Pictures with short captions

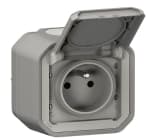 Prise étanche Legrand IP55 avec terre Plexo à 4,90€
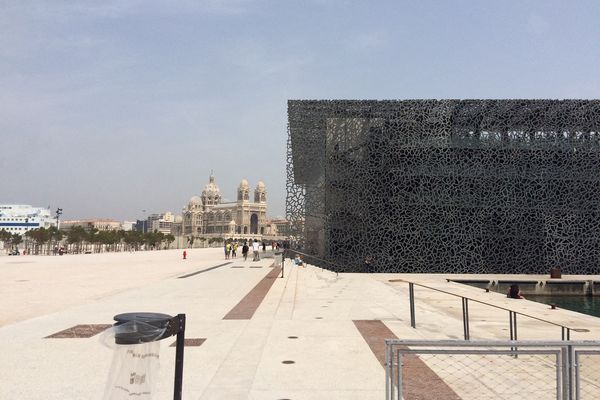 Une journaliste marseillaise a porté plainte pour agression lors d'un contrôle d'identité près du Mucem, en marge de la visite du président Macron le 27 juin.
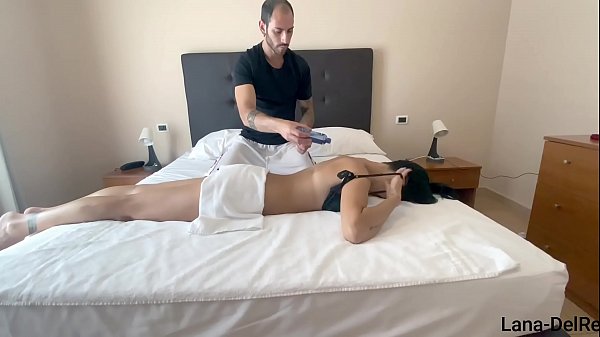 Sorellastra viene scopata intensamente dopo aver chiesto un massaggio con olio Lana DelRe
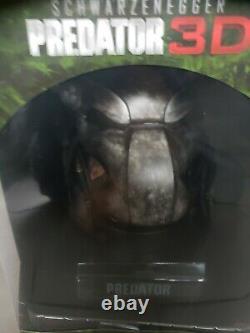 New Predator Bust Head With Blu Ray 3d DVD Limited Edition Collector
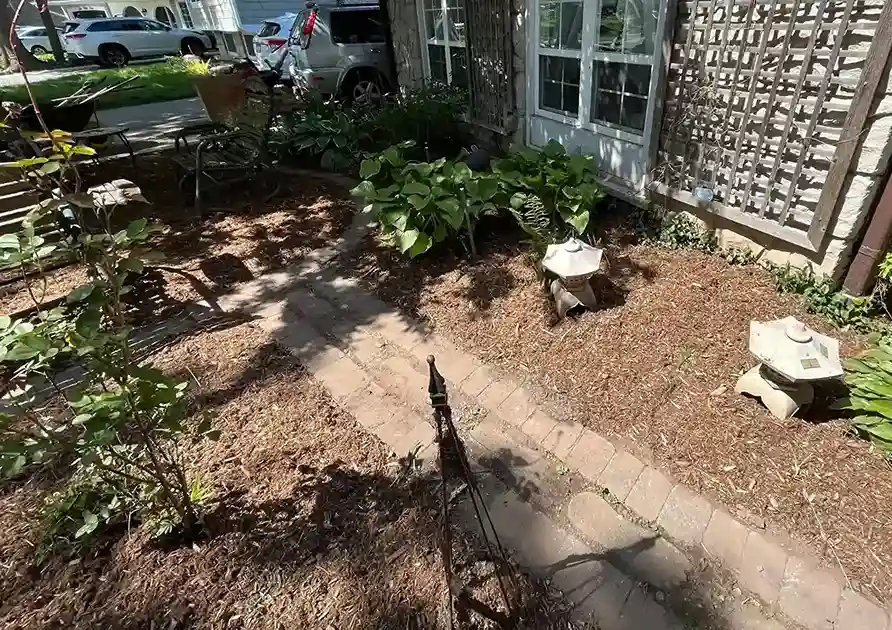 4 Cedar Mulch and Flagstone Paths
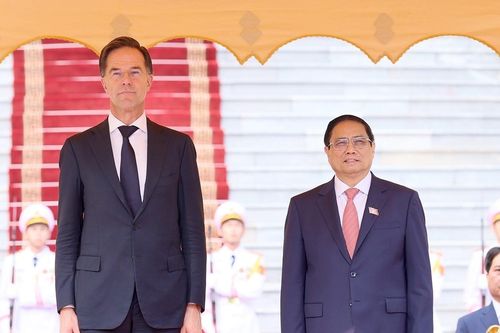 Lễ đón trọng thể Thủ tướng Hà Lan Mark Rutte tại Phủ Chủ tịch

REQUIREMENT —
Please return only the lines from the one holding "4 Cedar Mulch and Flagstone Paths" through the end of the data, both ends included; do not copy any pictures.

WORKED SOLUTION —
 4 Cedar Mulch and Flagstone Paths
 Lễ đón trọng thể Thủ tướng Hà Lan Mark Rutte tại Phủ Chủ tịch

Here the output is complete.